━━ The records

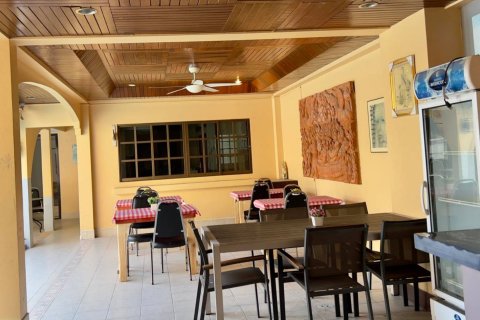 Commercial property in Pattaya, Thailand № 152481 - photo 6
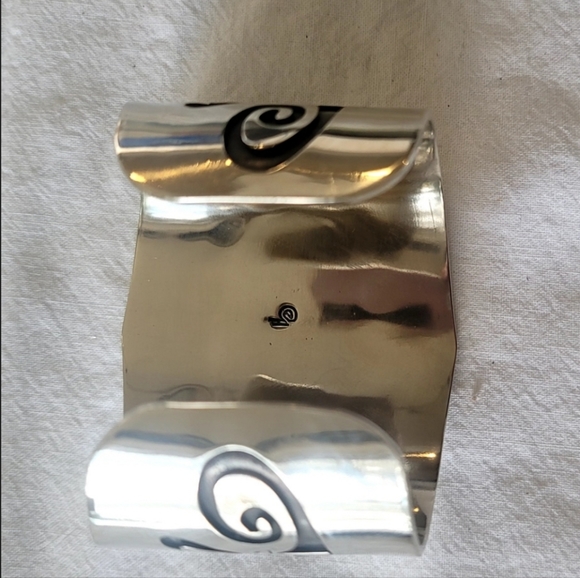 Nickle Silver Native American southwest design, signed bracelet. - Picture 6 of 7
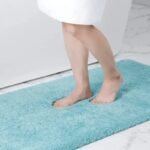 tapis de bain assure confort et fraicheur a chaque pas bleu clair 40x60 cm 120 1
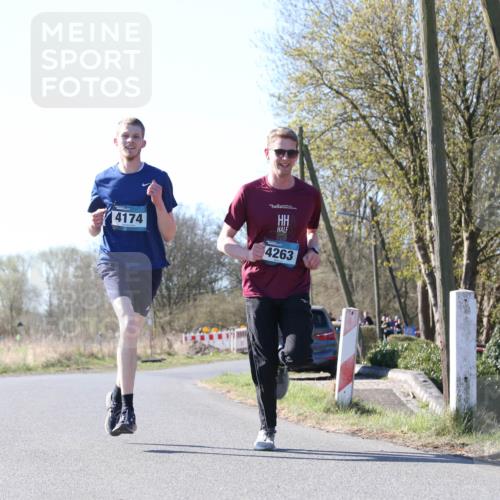 06.04.2025 - 44. Internationalen Wilhelmsburger Insellauf Jannik Wohlers http://msf.ph/oto/7621621 06.04.2025 10:14:26 Laufen 4174, 4263 meine-sportfotos.de
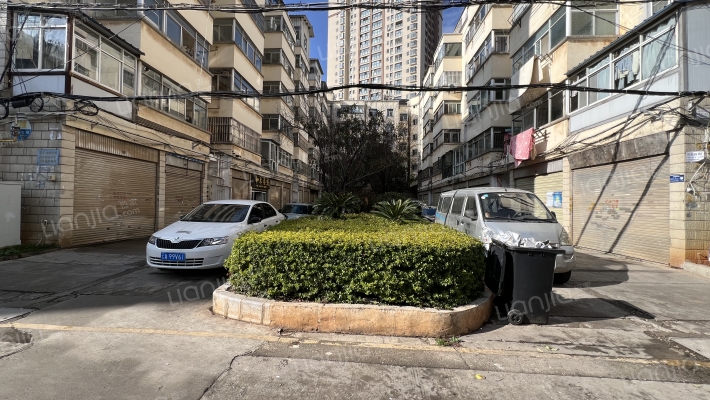 春晓花园外景图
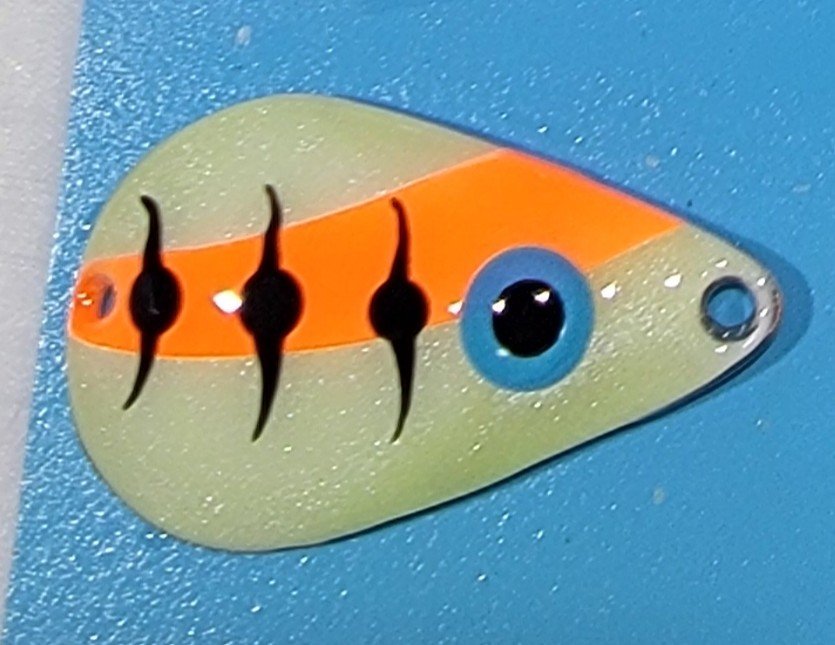 NSA KO Wobbler-style Glow Casting Spoon product image (1)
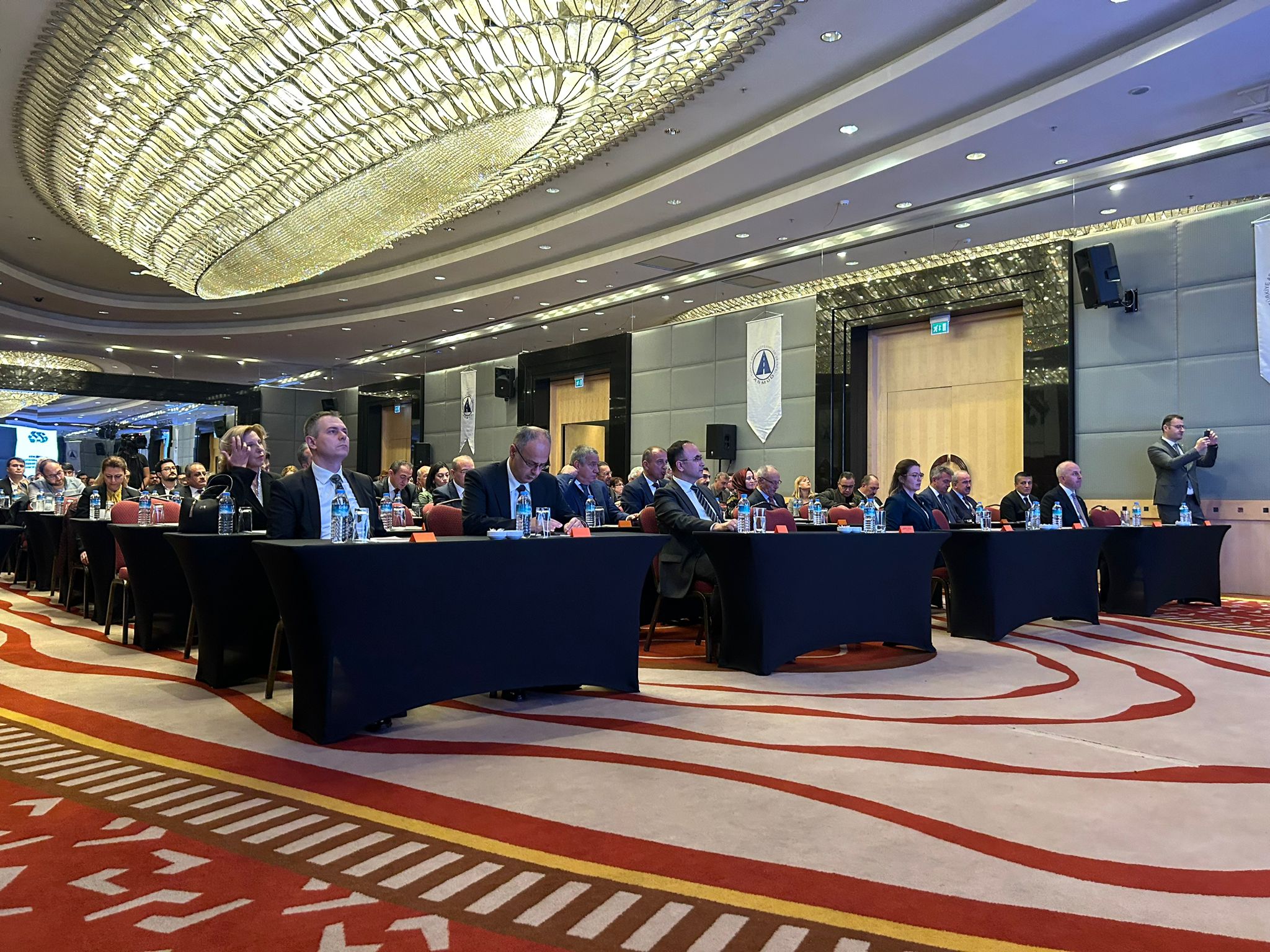 Başkanlığımızdan Asfalt Endüstrisinde Yeşil Dönüşüm Konferansı’na katılım sağlandı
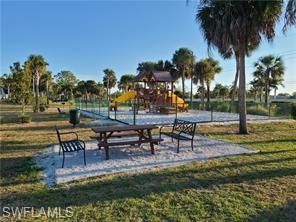 124 Santa Clara Dr, Unit 15, Naples, FL 34104 Photo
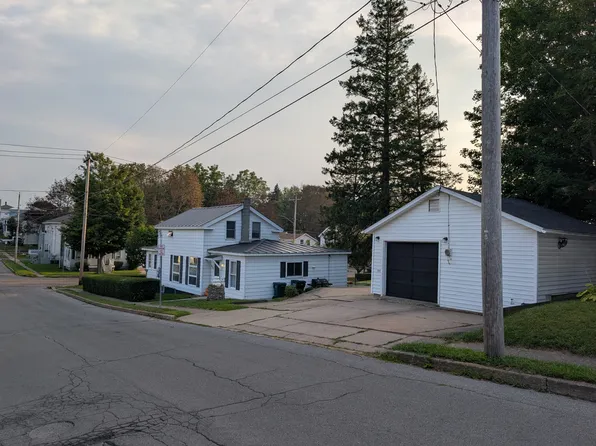 (undisclosed Address), Oswego, NY 13126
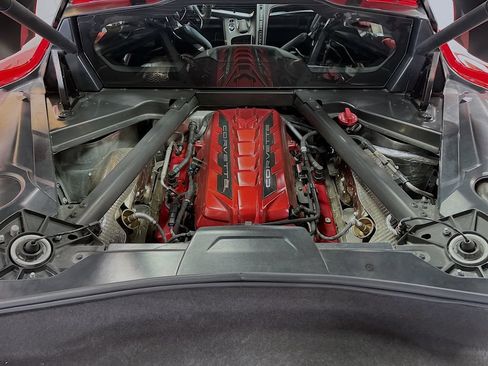 Used 2021 Chevrolet Corvette Stingray Premium Cpe w/ Z51 Performance Package RWD image 28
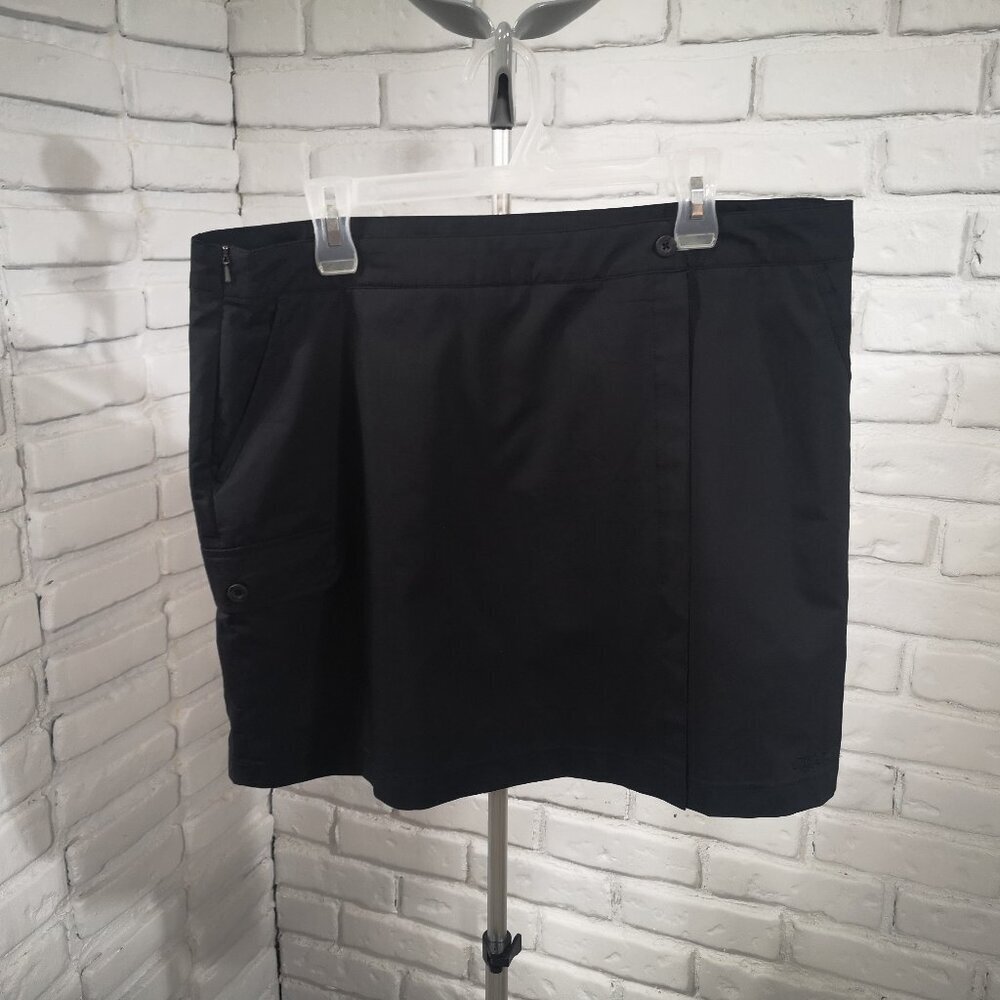 Avia Ladies Size XL Black Side Zipper Closure Active Skorts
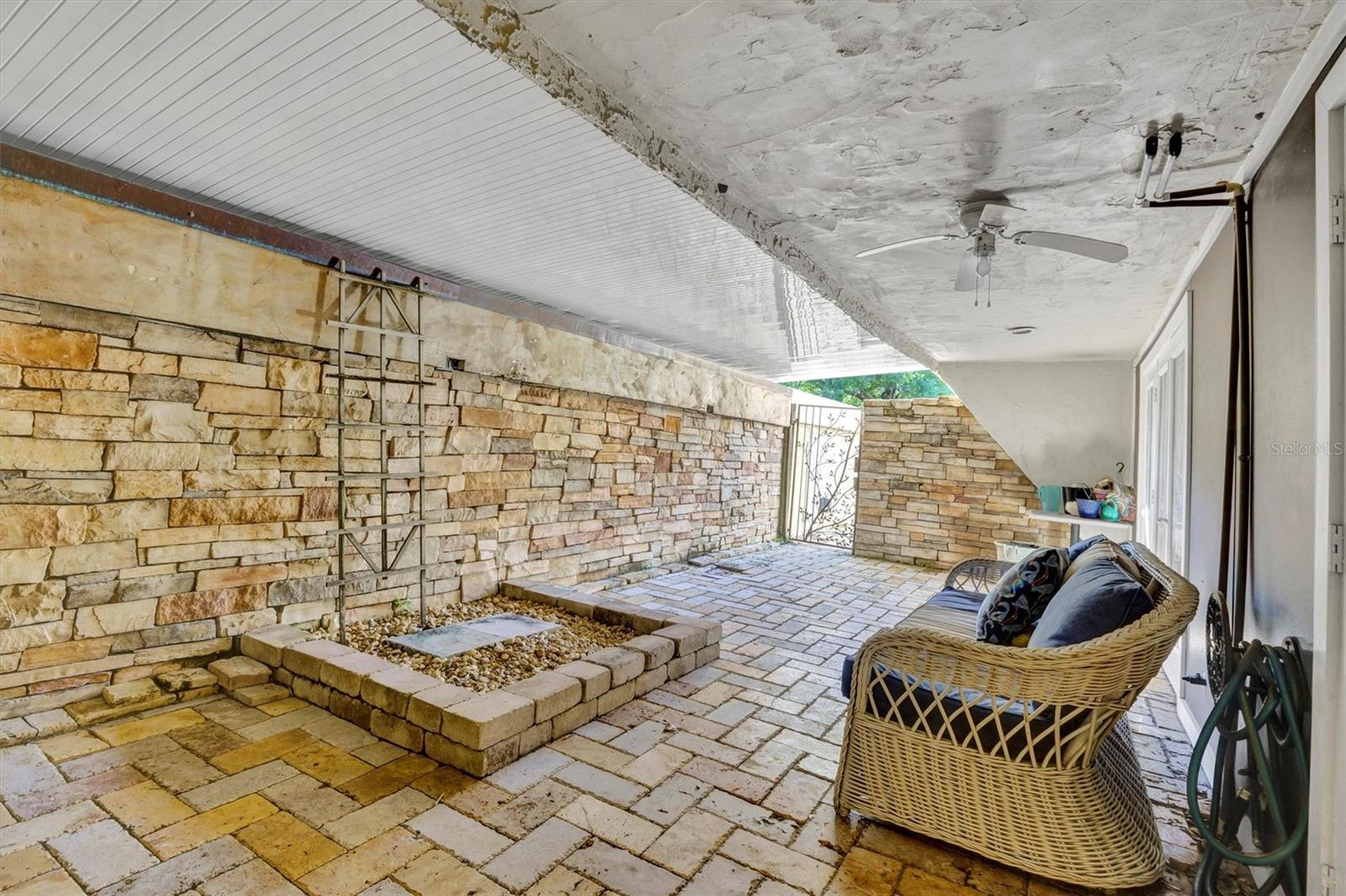 Image 34 of 51 For 21 Casarena Court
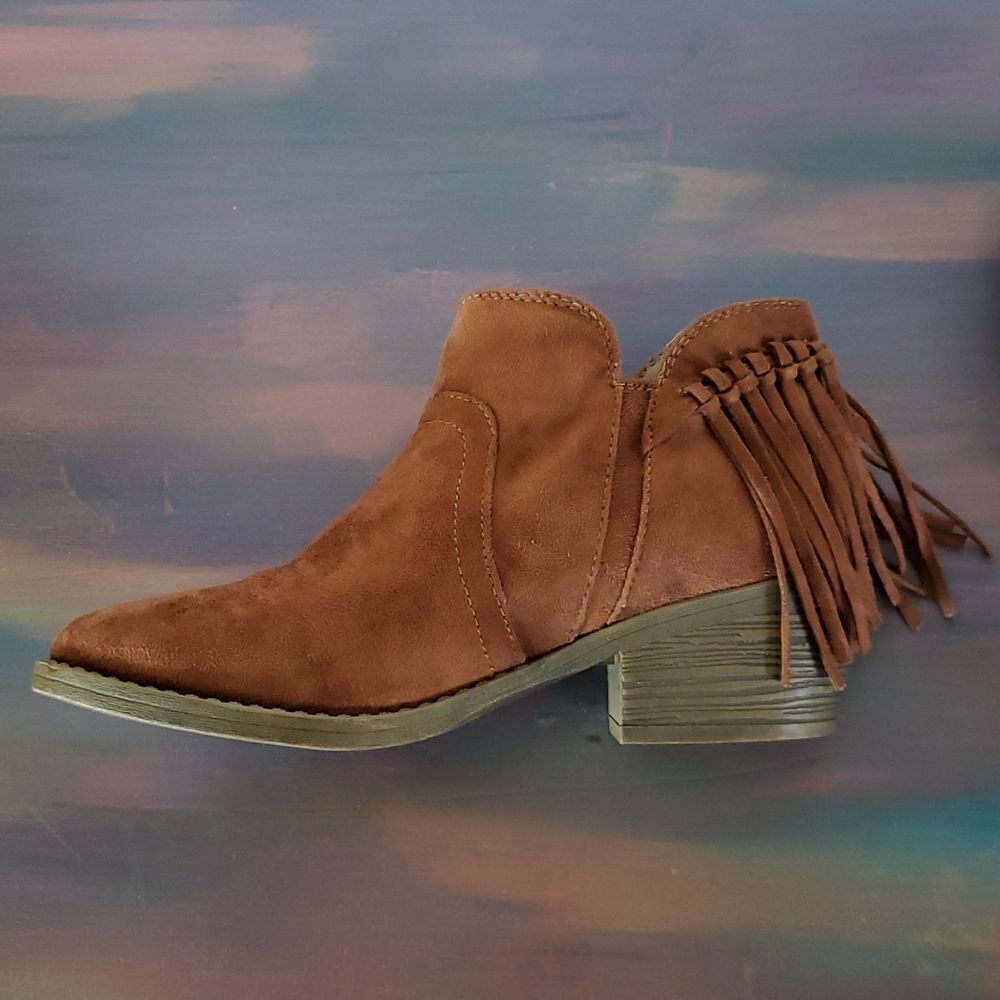 EUC Arizona Jeans Copper Colored Boots with Fringes Sz 6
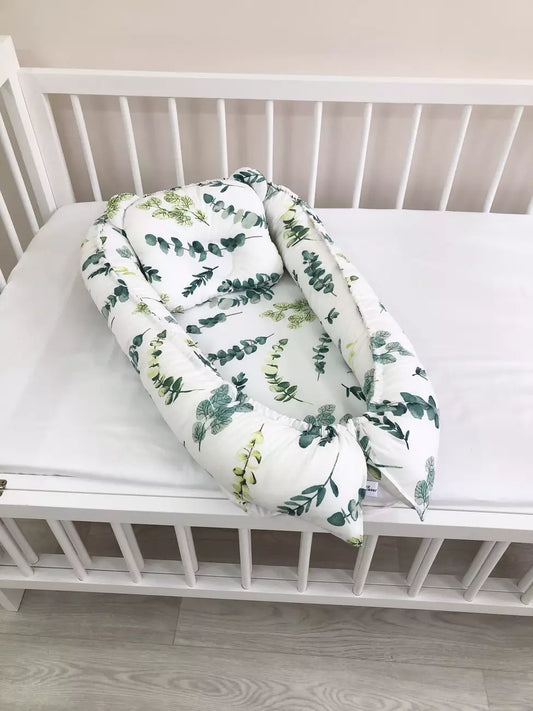 Baby nest “green leaves”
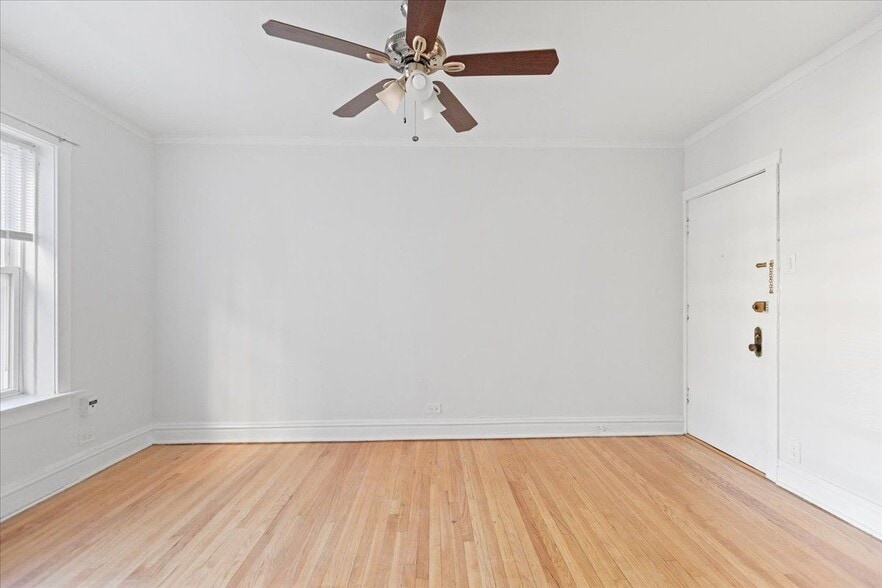 Building Photo - 656 W Oakdale Ave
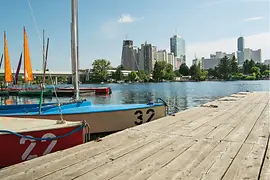 Barcos de vela en el Viejo Danubio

━━━━

• [Task statement]
Begin with the line containing "Image 34 of 51 For 21 Casarena Court" and end with the last line of the entries above. Copy those lines exactly, both ends included, and drop every picture.

• [Expected output]
 Image 34 of 51 For 21 Casarena Court
 EUC Arizona Jeans Copper Colored Boots with Fringes Sz 6
 Baby nest “green leaves”
 Building Photo - 656 W Oakdale Ave
 Barcos de vela en el Viejo Danubio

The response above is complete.